*Work instruction:* All lines from the line containing "Fjällräven Flat Brim Cap - Image 8" up to and including the last line of the entries must be written out exactly, with no others.

Start of Entries provided

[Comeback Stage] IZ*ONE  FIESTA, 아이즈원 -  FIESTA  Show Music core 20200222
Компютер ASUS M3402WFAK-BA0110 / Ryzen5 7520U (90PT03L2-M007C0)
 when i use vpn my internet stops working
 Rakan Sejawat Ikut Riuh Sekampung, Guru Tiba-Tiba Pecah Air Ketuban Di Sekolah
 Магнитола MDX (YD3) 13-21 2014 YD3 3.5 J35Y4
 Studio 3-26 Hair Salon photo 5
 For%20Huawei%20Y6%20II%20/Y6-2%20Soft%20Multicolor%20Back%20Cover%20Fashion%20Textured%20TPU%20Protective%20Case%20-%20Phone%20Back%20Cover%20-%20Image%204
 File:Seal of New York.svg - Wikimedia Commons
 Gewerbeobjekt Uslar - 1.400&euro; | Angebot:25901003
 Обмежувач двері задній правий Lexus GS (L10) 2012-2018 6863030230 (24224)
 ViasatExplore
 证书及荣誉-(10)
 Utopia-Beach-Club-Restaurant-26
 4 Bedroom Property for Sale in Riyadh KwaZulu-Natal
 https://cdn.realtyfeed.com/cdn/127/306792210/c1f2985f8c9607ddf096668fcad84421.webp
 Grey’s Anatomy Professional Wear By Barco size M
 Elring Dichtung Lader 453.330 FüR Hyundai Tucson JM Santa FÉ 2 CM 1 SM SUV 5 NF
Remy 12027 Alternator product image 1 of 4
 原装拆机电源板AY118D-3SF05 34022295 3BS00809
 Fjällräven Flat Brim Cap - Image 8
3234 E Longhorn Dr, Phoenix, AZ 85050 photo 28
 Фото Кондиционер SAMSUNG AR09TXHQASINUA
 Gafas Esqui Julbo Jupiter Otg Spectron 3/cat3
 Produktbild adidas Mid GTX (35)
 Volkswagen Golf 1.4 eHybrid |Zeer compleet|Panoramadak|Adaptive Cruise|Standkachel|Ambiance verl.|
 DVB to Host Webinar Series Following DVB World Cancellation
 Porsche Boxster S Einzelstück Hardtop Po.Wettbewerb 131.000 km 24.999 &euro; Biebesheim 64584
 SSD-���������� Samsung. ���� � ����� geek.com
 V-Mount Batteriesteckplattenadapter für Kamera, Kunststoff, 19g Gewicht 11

End of Entries provided

*Exercise answer:*
 Fjällräven Flat Brim Cap - Image 8
3234 E Longhorn Dr, Phoenix, AZ 85050 photo 28
 Фото Кондиционер SAMSUNG AR09TXHQASINUA
 Gafas Esqui Julbo Jupiter Otg Spectron 3/cat3
 Produktbild adidas Mid GTX (35)
 Volkswagen Golf 1.4 eHybrid |Zeer compleet|Panoramadak|Adaptive Cruise|Standkachel|Ambiance verl.|
 DVB to Host Webinar Series Following DVB World Cancellation
 Porsche Boxster S Einzelstück Hardtop Po.Wettbewerb 131.000 km 24.999 &euro; Biebesheim 64584
 SSD-���������� Samsung. ���� � ����� geek.com
 V-Mount Batteriesteckplattenadapter für Kamera, Kunststoff, 19g Gewicht 11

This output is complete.